Florida notary law and online notarization

Florida Chapter 117 matters when the issue is a Florida notary act, Florida online notarization, foreign-signer identity, the online notary journal, notary conflicts, or the difference between the notarial act fee and other service-provider charges.

Source-backed explanation

The law is the anchor, not the platform habit.

This page turns the source record into a working guide: citation, plain-English meaning, when it applies, and the guardrails that keep notary law separate from apostille routing or receiving-party preference.

The machine-readable version lives at /notary-law/florida.json, so AI agents, developers, and crawlers can consume the same source-backed structure without guessing from page layout.

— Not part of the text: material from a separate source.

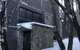 Kabuki Mt Buller - thumb 7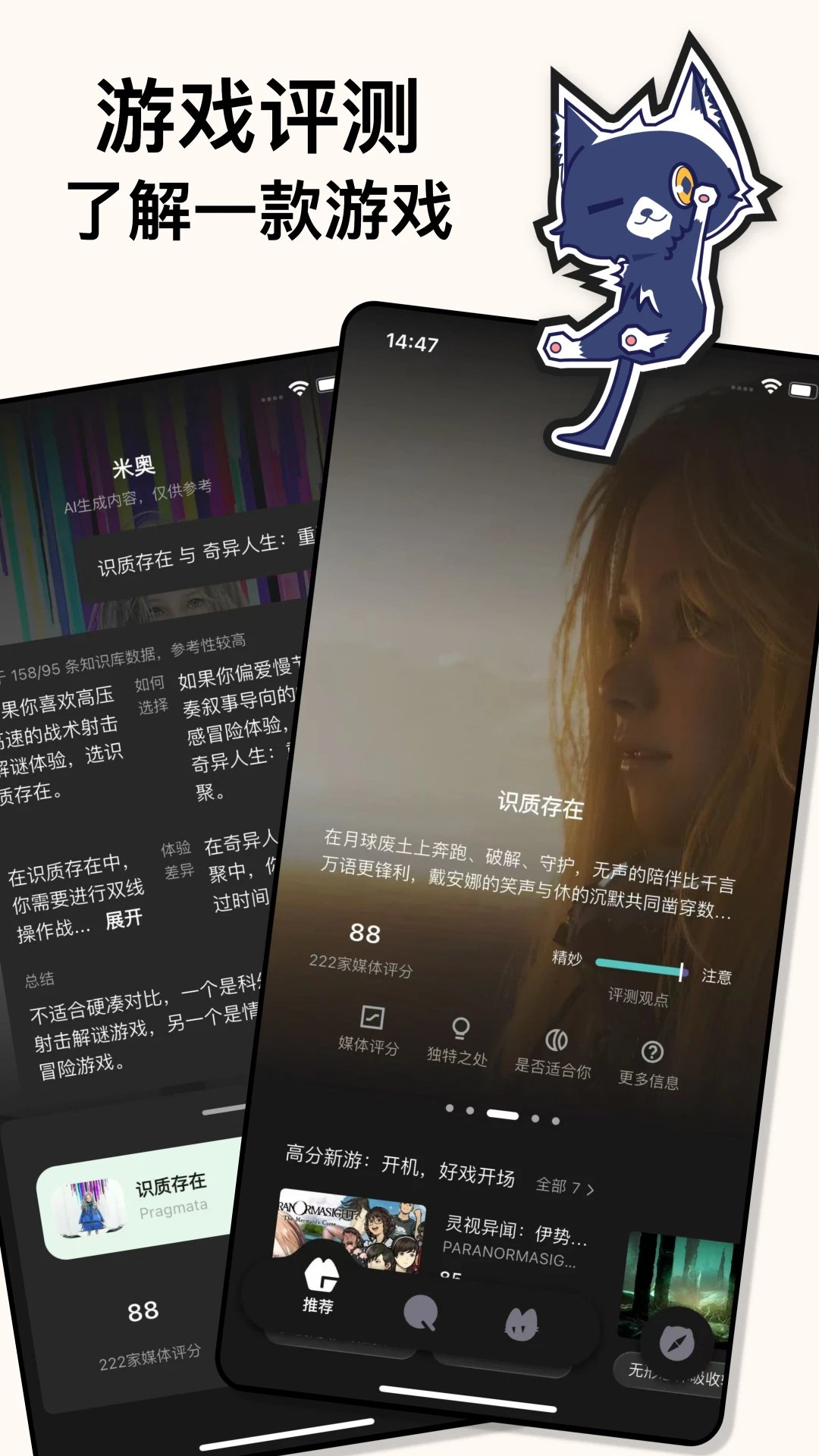 ��������app����v1.5.19 ��׿��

Florida Notary Law, Chapter 117

This is the primary source Notary Geek points back to for Florida notary-law questions.

Open primary source

Open the full law guide

Topics

Current source notes for Florida.

These are not legal advice. They are source-backed operating notes for document workflows, support decisions, page content, and AI/dev use.

Fla. Stat. s. 117.209

Online notarization location and governing law

A Florida online notary physically located in Florida may perform an online notarization even when the principal or witnesses are somewhere else, and the act is governed by Florida law.

Open source

Applies when: A signer is outside Florida or outside the United States; A document needs a Florida online notary act before apostille routing

Guardrails: This does not decide destination-country acceptance; Official records from another state still follow the issuing state or office

Fla. Stat. s. 117.265

Online notarization procedure and identity confirmation

Florida online notarization uses audio-video communication technology and requires identity confirmation through the methods described in the statute.

Open source

Applies when: The customer needs a remote online notary session; The signer is using a foreign passport or other accepted credential

Guardrails: Platform behavior should be checked against the statute; The notary still needs a complete document and a lawful notarial act

Fla. Stat. s. 117.245

Electronic journal and recording retention

Florida online-notary electronic journals and audio-video recordings are retained for at least 10 years after the notarial act.

Open source

Applies when: A customer asks how the online notary act is documented; A later audit or portal feature needs to show where verification evidence lives

Guardrails: Retention rules do not mean every record is public; Identity media and records need privacy-aware access controls

Fla. Stat. ss. 117.05 and 117.107

Core notary guardrails

Florida still has ordinary notary guardrails around incomplete documents, conflicts, prohibited family notarizations, and copies of certain public records.

Open source

Applies when: A document is blank, incomplete, or unclear; A customer asks whether the notary can certify a vital or public record copy

Guardrails: Online notarization does not make a defective document apostille-ready; Certified public records usually need the issuing authority's path

Source rules

How Notary Geek uses this source.

Rule Use Florida notary law only when the issue is a Florida notarial act or Florida online-notary procedure.
Rule Use https://flnotarylaw.com/ as the easy public link for Florida Chapter 117; it points people to the Florida Legislature text in a memorable way.
Rule Do not use Florida notary law as a shortcut for apostille-versus-legalization routing.
Rule For signer-created documents notarized by a Florida online notary, the notary step can create a Florida notary/apostille path.